- Full name: Nada Ayman Ibrahim Fahmy Mohamed Mohamed
- Born: 7 February 1999 (age 27) Cairo, Egypt

Gymnastics career
- Discipline: Women's artistic gymnastics
- Country represented: Egypt
- Club: Cairo Sporting Club
- Medal record
Women's artistic gymnastics
Representing Egypt
African Championships
| Gold medal – first place | 2016 Algiers | Team |
| Gold medal – first place | 2016 Algiers | Balance beam |

= Nada Ayman Ibrahim =

Egyptian artistic gymnast (born 1999)

Nada Ayman Ibrahim Fahmy Mohamed Mohamed (born 7 February 1999) is an Egyptian former artistic gymnast. She competed for Egypt at the 2014 Summer Youth Olympics and at the 2015 World Championships. She is the 2014 African Junior all-around champion and the 2016 African balance beam champion.

== Gymnastics career ==
=== Junior ===
Ibrahim won a gold medal with the junior Egyptian team at the 2012 African Championships. She also helped Egypt win the team title at the 2014 African Junior Championships, and she won the individual all-around title. She was then selected to represent Egypt at the 2014 Summer Youth Olympics. She finished 26th in the all-around during the qualification round, and she was the second reserve for the vault final.

=== Senior ===
Ibrahim became age-eligible for senior competitions in 2015. She competed on all four apparatuses at the 2015 Osijek World Challenge Cup but did not advance into any finals. She then placed 10th in the all-around at the Hungarian Grand Prix. She competed at the 2015 World Championships and finished 144th in the all-around during the qualification round.

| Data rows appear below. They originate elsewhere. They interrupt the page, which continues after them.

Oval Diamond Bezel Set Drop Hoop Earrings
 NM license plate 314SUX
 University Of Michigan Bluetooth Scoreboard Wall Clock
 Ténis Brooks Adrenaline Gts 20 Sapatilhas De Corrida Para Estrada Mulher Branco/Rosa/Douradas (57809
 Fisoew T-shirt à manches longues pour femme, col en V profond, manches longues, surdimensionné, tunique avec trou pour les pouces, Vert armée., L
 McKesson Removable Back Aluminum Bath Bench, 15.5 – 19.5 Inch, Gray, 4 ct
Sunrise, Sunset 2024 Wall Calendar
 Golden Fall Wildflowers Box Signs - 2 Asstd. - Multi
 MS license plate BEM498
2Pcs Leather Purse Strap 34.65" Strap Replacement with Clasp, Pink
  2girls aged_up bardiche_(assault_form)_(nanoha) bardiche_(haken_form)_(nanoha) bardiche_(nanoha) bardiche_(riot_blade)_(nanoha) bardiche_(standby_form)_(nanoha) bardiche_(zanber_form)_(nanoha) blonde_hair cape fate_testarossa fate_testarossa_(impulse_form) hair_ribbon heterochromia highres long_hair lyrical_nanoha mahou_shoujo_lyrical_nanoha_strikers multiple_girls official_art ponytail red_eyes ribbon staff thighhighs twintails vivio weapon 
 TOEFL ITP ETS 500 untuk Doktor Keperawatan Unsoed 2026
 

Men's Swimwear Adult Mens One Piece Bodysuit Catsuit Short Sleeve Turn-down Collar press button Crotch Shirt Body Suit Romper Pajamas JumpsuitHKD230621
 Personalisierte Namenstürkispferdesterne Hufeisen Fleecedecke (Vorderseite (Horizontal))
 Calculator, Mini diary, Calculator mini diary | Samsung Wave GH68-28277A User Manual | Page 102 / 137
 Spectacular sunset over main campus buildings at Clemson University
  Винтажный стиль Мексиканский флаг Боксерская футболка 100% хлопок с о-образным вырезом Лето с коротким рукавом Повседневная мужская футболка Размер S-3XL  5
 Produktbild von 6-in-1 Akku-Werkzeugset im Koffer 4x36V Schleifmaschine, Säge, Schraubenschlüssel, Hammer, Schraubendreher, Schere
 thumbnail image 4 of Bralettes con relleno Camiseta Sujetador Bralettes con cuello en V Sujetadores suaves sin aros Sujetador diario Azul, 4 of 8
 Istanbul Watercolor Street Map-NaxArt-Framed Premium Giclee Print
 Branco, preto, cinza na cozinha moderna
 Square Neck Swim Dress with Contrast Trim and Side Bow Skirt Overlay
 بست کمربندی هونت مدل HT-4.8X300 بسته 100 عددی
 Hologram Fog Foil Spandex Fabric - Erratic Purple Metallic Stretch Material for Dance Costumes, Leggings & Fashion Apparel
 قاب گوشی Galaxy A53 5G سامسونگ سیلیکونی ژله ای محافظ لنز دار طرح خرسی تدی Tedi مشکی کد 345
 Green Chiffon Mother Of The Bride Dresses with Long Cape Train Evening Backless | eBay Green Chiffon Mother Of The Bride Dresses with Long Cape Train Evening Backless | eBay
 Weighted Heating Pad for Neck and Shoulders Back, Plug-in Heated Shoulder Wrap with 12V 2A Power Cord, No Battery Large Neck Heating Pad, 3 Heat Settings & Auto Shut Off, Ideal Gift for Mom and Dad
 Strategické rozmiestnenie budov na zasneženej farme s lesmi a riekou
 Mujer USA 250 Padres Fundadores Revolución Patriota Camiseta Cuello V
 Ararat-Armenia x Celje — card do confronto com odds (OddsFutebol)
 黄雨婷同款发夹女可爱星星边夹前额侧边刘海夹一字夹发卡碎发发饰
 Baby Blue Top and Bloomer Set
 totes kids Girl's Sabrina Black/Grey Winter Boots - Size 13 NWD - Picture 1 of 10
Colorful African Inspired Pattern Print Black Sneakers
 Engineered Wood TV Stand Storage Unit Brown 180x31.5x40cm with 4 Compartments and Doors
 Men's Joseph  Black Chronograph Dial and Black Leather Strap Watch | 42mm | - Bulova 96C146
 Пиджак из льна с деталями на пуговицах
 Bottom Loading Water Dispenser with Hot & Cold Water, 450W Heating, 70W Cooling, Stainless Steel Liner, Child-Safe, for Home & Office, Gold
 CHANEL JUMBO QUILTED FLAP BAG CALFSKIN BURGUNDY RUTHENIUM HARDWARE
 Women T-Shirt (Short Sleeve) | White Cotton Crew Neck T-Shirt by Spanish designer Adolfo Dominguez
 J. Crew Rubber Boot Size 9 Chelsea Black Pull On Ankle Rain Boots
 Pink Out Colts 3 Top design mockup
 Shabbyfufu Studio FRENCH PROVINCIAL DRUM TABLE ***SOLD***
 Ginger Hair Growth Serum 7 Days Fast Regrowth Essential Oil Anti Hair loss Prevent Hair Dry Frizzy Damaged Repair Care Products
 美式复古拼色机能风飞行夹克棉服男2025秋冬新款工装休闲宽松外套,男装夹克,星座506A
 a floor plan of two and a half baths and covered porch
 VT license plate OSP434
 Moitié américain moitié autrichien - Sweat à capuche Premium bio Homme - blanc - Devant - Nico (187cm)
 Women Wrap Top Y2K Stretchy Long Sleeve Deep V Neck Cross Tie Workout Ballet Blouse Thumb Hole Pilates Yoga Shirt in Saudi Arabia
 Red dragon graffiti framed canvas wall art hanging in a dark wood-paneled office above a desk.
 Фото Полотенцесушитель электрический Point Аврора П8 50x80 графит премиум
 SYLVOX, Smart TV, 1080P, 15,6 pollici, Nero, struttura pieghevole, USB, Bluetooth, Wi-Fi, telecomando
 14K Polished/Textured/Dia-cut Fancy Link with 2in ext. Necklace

At the 2016 African Championships, Ibrahim helped Egypt win the team title, and she placed fourth in the all-around. In the event finals, she won a gold medal on the balance beam by over half a point. She also finished fourth in both the vault and uneven bars finals. Then at the Stella Zakharova Cup, she won a silver medal with the Egyptian team, and she won a silver medal on the vault. She competed on the uneven bars, balance beam, and floor exercise at the 2016 Szombathely World Challenge Cup but did not advance into any finals. This was the final competition of her career.